Quantitative and Qualitative Assessment of an AI Model for Chest Radiograph Report Generation

저자확인
저널RSNA 2025
  • Purpose To evaluate an AI model for chest radiograph report generation using real-world clinical data through quantitative analysis across diverse findings and qualitative assessment of report quality.
  • Materials and Methods This single-center retrospective study included chest radiographs collected from a tertiary hospital database under IRB approval, representing real-world clinical imaging data rather than curated public datasets. A set of 500 images was randomly selected to ensure a balanced distribution across diverse findings. Quantitative evaluation compared AI-generated reports with radiologist reports for diverse findings (e.g., pneumothorax, pleural effusion, cardiomegaly, and others), using sensitivity and specificity. Qualitative evaluation was conducted by two board-certified radiologists who independently assessed the AI-generated reports according to the RadPeer scoring system.

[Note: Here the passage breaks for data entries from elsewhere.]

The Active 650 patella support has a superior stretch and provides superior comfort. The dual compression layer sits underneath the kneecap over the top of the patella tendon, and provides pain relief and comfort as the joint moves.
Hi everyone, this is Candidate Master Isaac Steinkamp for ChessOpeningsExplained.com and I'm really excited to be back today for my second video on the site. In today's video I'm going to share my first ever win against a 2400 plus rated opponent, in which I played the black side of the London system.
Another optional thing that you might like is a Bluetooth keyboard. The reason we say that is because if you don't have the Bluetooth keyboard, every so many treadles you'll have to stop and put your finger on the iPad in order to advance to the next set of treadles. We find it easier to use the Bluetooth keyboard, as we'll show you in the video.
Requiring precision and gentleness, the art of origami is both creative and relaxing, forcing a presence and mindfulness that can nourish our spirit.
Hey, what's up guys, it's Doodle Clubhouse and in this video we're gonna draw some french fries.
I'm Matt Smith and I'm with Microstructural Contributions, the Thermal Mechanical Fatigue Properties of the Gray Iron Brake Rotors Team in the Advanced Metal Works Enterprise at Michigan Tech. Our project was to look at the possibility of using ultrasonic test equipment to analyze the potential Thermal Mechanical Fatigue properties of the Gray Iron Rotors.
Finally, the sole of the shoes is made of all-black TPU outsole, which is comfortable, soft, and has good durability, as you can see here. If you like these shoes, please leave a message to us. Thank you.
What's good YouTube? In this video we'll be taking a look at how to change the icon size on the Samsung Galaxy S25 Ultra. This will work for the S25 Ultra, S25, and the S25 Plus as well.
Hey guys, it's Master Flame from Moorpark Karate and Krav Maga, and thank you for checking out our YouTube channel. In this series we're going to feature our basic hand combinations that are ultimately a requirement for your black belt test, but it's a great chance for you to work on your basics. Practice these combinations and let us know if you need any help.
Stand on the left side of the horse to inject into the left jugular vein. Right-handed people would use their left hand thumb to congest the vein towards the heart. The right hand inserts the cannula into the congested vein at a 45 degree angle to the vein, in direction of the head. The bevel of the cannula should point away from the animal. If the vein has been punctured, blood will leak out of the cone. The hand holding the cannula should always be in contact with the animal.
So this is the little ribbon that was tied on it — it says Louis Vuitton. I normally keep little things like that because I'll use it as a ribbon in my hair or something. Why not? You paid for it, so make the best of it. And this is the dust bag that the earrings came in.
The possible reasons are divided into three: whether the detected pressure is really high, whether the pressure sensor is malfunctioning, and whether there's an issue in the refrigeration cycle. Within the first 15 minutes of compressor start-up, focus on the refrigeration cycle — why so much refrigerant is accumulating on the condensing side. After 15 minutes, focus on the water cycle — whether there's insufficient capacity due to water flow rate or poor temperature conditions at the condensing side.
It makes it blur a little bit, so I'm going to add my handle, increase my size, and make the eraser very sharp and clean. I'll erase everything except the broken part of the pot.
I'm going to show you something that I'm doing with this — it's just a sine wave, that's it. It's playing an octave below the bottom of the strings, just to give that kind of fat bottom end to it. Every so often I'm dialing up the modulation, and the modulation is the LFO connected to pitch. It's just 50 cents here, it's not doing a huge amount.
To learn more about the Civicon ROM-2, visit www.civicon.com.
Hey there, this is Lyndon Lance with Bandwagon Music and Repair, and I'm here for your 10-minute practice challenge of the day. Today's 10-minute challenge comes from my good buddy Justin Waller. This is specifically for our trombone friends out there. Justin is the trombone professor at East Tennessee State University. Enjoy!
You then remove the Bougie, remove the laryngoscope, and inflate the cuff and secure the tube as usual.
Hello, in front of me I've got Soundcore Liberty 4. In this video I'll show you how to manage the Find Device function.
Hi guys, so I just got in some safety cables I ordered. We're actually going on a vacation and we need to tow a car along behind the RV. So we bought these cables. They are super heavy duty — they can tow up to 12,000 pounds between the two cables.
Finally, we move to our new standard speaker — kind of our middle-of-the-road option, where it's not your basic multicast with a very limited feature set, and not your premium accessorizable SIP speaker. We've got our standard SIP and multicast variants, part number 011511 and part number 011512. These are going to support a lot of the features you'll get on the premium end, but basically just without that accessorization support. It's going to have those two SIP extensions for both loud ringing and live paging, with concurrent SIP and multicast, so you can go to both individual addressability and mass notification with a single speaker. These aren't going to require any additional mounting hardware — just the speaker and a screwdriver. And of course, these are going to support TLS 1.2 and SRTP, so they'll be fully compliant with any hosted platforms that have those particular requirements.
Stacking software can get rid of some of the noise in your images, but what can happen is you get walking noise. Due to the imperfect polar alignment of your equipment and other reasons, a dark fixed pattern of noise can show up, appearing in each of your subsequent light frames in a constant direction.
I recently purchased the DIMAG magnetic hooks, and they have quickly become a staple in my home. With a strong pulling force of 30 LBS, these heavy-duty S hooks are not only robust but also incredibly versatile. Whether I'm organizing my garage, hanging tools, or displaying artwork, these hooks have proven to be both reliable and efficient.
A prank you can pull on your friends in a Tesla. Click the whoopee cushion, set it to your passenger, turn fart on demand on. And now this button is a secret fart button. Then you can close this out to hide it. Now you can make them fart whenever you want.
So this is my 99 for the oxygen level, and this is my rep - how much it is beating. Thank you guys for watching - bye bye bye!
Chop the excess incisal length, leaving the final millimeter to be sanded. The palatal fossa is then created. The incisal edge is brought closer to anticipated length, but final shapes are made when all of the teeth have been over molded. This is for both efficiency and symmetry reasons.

  • Results The model demonstrated variable performance across different findings. Sensitivity and specificity for pleural effusion were 0.835 and 0.906, respectively; for lung opacity, 0.704 and 0.935; and for pneumoperitoneum, 0.667 and 0.998. Subcutaneous emphysema detection achieved 100% sensitivity and specificity. In qualitative evaluation, the acceptance rate (RadPeer scores of 1 or 2) was 94.4% for Evaluator 1 and 89.8% for Evaluator 2, indicating general concordance between AI-generated and expert reports.
  • Conclusion The chest radiograph report generation AI model, evaluated on real-world clinical data, demonstrated reasonable performance across multiple findings and was generally acceptable to radiologists in preliminary assessments. Further prospective studies are warranted to investigate whether using AI-generated reports as preliminary drafts can improve diagnostic accuracy and workflow efficiency for clinicians.
  • Clinical Relevance Statement This AI model may support radiologists by providing preliminary chest radiograph reports across a broad spectrum of findings.